Live News

Fièvre aphteuse : le pire aurait-il pu être évité ?

Fièvre aphteuse

L’épizootie de fièvre aphteuse s’aggrave. Dans un premier temps, seuls les petits éleveurs étaient affectés. La semaine dernière, la maladie a touché Socovia, la plus grande ferme de Maurice.

Publicité

Cette situation aurait-elle pu être évitée ?

L’ancien Senior Veterinary Officer du ministère de l’Agro-industrie, le Dr Swaley Abdoola, estime que la situation aurait pu être évitée. Le Dr Deodass Meenowa, chef vétérinaire au ministère de l’Agro-industrie, soutient, quant à lui, que toutes les précautions ont été prises par le ministère.

Le Dr Swaley Abdoola est d’avis qu’une telle situation aurait pu être évitée, si des mesures avaient été prises à temps. « Nous sommes dans une situation grave, qui se détériore et se complique. On n’aurait jamais dû permettre aux animaux de Rodrigues d’entrer à Maurice. Là-bas, l’incertitude régnait parmi les vétérinaires. Ils se sont fiés au premier test uniquement, bien que les symptômes persistaient. Les animaux n’auraient pas dû être acheminés jusqu’au quai. Une autre erreur a été de transporter les animaux au centre de quarantaine de Richelieu », explique-t-il.

Le Dr Swaley Abdoola estime que les autorités mauriciennes ont perdu trop de temps à essayer de comprendre ce qui se passait et comment gérer la situation. Selon lui, entre-temps, le mal avait été fait. « Lorsque le premier cas a été détecté à Vallée-des-Prêtres, les autorités n’ont pas agi promptement. Les vétérinaires sont intervenus après douze heures. C’est suffisant pour que le virus se propage dans la ferme et infecte d’autres animaux. De même, le mauvais vaccin a été importé et plus de temps a été perdu. Le ministère a répété les mêmes erreurs, à plusieurs reprises », ajoute-t-il.

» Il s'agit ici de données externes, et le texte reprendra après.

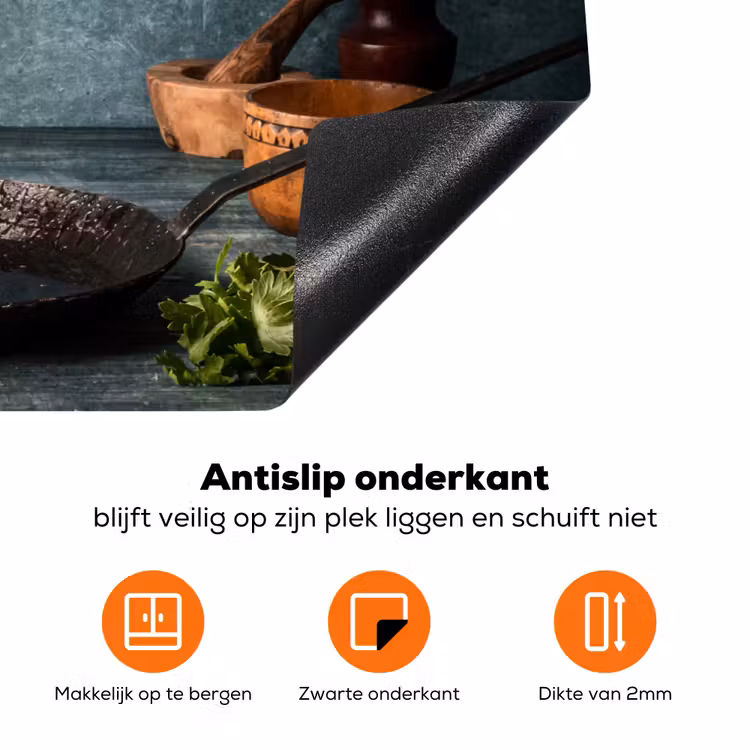 Stilte voor het Koken Inductie beschermer vinyl 3mm klein -zzzzzzz-td-onderkant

Selon l’ancien Senior Veterinary Officer, le gouvernement aurait dû interdire à Socovia d’importer des animaux. « La ferme est déjà infectée à 70 % et si les précautions nécessaires ne sont pas prises, elle peut être infectée dans son ensemble. Même si les animaux ont été importés d’Afrique du Sud et vaccinés, les risques sont encore importants. Les vétérinaires savent que sept virus peuvent causer cette maladie. Il n’existe aucun vaccin qui peut, d’un seul coup, protéger les animaux. Un vaccin peut seulement protéger une bête contre deux ou trois virus », dit-il.

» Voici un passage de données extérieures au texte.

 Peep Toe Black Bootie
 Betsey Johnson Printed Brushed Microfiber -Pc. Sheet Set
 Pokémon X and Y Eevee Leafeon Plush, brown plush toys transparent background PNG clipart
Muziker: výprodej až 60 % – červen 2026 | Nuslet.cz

Le Dr Swaleh Abdoola indique également qu’il y a eu un manque d’expertise et de coordination. « Dès le début, nous avons constaté que c’était le chaos. Le manque d’information et de communication pourrait expliquer que les officiers aient autorisé une cargaison à quitter Rodrigues. »

« Toutes les précautions ont été prises »

Le Dr Deodass Meenowa avance, pour sa part, que le ministère a pris toutes les mesures de précaution nécessaires. « Nous sommes sûrs et certains que jusqu’à présent toutes les mesures prises sont conformes à la sécurité bio. Nous suivons des directives pour l’importation des animaux. Une fois qu’ils sont débarqués au port, une équipe des vétérinaires vérifie leur état de santé, avant qu’ils ne soient mis en quarantaine. C’est une procédure normale que nous suivons depuis des années », confie-t-il.

Le Dr Meenowa explique que la décision de fermer le territoire mauricien n’était pas aussi simple.

« Maurice et Rodrigues font partie du même territoire. Les animaux sont transportés facilement entre les deux îles. Malheureusement, les gens pensent que l’épidémie est arrivée à Maurice de Rodrigues. La procédure normale a été suivie, lorsque la cargaison est arrivée à Maurice. Les vétérinaires ont vérifié les documents de santé et ont inspecté les animaux. Tout était normal. Suivant les règles et les mesures en vigueur, ils ont été transportés au centre de quarantaine. Les lieux ont été désinfectés. Donc, toutes les mesures de précaution ont été prises », relate-t-il.

Le chef vétérinaire souligne que même si les animaux ont été infectés, le ministère a continué à œuvrer pour empêcher la propagation de la maladie. « La vaccination a été effectuée dans un rayon de 15 km autour de l’endroit où l’infection a été détectée. Les mouvements des animaux et du transport ont été réglés strictement. Toutes les personnes en contact avec les animaux désinfectaient leurs chaussures avant d’entrer en contact avec d’autres animaux. La même règle a été appliquée pour les véhicules. Un communiqué a été émis pour sensibiliser le public. Ainsi, le ministère a fait de son mieux pour prévenir la propagation de la maladie », poursuit-il.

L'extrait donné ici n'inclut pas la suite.